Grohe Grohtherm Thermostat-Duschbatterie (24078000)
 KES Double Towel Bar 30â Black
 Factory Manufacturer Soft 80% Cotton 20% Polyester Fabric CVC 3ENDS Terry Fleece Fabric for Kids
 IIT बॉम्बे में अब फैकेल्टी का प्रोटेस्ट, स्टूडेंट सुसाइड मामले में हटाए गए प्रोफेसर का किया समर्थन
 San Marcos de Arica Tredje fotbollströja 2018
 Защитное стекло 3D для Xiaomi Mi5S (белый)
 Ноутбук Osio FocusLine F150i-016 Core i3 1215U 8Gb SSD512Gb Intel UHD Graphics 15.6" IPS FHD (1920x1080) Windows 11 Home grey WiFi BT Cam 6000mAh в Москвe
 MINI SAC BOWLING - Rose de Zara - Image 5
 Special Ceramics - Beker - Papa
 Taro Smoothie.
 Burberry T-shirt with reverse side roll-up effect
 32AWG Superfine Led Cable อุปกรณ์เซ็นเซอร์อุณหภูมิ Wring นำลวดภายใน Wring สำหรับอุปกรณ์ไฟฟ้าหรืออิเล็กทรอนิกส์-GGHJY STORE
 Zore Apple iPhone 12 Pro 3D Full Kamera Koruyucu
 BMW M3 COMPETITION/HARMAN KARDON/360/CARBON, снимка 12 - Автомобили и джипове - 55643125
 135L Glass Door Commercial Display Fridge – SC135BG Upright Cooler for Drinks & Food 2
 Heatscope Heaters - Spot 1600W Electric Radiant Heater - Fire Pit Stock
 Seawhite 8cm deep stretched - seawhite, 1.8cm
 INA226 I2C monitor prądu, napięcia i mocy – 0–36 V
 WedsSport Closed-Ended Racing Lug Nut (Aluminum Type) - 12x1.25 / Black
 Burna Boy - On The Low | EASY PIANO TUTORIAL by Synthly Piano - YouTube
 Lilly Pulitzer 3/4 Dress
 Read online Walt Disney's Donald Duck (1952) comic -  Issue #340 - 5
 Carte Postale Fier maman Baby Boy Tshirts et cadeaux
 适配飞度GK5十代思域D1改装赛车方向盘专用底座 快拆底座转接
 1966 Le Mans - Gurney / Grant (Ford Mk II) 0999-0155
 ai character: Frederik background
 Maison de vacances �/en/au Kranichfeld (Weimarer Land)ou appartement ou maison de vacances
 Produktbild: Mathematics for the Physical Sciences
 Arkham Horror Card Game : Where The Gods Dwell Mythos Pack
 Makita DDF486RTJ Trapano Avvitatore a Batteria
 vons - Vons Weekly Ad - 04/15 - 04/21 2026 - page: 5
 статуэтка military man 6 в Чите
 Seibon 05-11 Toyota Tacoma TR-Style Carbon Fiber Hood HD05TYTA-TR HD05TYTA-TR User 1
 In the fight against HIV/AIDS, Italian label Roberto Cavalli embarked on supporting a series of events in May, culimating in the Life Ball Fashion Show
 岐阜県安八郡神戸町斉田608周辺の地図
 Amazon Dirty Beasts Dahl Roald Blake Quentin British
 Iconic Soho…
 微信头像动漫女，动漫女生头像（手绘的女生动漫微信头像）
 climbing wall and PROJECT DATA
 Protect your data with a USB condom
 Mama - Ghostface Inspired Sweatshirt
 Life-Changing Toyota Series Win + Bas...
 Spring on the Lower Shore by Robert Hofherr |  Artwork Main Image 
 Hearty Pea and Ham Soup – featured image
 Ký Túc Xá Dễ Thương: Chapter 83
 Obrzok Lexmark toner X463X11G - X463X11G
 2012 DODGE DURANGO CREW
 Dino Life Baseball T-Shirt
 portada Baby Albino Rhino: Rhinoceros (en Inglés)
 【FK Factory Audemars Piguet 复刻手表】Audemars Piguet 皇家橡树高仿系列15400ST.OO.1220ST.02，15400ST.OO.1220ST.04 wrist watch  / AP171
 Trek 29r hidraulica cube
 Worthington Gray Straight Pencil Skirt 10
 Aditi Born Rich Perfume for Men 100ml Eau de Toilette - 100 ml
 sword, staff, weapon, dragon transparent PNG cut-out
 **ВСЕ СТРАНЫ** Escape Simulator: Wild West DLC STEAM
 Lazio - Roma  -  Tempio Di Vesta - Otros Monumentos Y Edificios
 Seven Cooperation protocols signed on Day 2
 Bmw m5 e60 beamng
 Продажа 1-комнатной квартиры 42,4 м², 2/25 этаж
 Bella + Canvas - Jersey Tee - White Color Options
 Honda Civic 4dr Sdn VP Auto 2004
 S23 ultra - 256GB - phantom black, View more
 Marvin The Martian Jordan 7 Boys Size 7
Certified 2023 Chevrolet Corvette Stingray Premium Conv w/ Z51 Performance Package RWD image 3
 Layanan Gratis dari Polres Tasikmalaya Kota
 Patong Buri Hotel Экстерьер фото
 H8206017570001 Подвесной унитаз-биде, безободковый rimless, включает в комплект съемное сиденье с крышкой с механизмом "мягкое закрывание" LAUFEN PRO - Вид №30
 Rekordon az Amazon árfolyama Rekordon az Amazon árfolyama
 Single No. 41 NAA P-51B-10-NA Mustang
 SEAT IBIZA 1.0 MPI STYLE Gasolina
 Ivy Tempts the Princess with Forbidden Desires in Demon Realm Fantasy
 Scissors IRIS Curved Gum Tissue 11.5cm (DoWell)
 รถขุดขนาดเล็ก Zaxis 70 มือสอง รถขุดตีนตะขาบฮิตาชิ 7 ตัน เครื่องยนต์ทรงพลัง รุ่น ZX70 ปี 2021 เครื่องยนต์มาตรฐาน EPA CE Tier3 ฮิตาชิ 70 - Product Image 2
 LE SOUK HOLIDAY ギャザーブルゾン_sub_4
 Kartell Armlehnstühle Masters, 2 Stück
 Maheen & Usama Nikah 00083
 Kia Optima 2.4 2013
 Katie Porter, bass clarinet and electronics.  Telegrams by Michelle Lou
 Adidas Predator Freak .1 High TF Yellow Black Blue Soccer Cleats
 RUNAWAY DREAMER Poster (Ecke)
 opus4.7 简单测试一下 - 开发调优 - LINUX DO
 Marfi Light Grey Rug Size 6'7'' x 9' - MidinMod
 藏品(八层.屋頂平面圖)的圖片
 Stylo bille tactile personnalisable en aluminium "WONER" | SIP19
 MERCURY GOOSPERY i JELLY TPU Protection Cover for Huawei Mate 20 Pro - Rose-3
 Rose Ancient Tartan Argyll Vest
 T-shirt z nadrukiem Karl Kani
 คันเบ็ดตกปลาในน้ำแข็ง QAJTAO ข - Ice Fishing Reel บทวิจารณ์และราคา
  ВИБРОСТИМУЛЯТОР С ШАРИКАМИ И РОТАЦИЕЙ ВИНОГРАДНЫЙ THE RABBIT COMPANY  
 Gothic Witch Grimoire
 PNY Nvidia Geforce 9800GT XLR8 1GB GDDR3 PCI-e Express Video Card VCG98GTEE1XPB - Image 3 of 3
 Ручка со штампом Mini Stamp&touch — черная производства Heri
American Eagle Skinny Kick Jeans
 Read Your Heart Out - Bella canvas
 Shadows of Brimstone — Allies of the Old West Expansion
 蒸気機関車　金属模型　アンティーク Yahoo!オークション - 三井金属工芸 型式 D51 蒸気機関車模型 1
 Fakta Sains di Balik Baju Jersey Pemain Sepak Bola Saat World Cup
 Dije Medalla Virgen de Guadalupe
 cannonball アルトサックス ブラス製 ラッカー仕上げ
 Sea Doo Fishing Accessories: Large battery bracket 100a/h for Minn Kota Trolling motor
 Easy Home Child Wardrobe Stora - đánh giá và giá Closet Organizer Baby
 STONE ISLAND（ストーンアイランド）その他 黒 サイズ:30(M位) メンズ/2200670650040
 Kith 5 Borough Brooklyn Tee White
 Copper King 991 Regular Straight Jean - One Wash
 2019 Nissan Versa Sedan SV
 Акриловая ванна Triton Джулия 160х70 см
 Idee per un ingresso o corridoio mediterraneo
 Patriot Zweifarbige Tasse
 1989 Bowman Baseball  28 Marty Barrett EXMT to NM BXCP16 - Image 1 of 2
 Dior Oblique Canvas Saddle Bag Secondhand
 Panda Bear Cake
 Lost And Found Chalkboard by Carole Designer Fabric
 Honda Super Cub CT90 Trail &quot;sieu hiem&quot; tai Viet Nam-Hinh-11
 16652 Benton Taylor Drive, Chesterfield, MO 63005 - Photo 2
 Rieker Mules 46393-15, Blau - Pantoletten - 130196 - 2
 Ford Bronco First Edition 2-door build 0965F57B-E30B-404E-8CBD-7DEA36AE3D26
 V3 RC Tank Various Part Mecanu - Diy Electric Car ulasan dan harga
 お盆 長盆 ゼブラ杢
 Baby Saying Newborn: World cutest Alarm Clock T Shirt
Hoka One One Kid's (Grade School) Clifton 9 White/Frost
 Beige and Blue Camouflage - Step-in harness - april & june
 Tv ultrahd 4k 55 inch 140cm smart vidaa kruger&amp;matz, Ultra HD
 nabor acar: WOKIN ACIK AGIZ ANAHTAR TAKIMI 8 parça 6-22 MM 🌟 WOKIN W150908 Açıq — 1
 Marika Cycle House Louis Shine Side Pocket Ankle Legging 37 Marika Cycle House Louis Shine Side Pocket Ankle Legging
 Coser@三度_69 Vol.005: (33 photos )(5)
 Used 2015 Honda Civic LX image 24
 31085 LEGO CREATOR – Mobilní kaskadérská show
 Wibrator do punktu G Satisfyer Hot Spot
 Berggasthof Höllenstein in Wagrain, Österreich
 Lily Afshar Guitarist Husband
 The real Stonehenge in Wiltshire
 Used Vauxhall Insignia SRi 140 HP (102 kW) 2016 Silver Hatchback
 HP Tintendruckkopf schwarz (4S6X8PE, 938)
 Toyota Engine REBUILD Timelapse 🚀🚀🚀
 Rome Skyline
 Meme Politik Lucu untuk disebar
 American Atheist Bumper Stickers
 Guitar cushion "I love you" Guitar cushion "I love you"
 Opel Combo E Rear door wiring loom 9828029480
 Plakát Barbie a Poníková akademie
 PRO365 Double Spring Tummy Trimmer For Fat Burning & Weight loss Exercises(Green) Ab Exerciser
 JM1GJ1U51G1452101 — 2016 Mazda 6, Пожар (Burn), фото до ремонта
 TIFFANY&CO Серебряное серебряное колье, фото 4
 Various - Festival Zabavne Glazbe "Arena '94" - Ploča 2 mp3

● ● ● ●

What you have to do | Among the lines of the material, find those that hold the word "Spot" and copy them.

Output of the task |
 Heatscope Heaters - Spot 1600W Electric Radiant Heater - Fire Pit Stock
 Wibrator do punktu G Satisfyer Hot Spot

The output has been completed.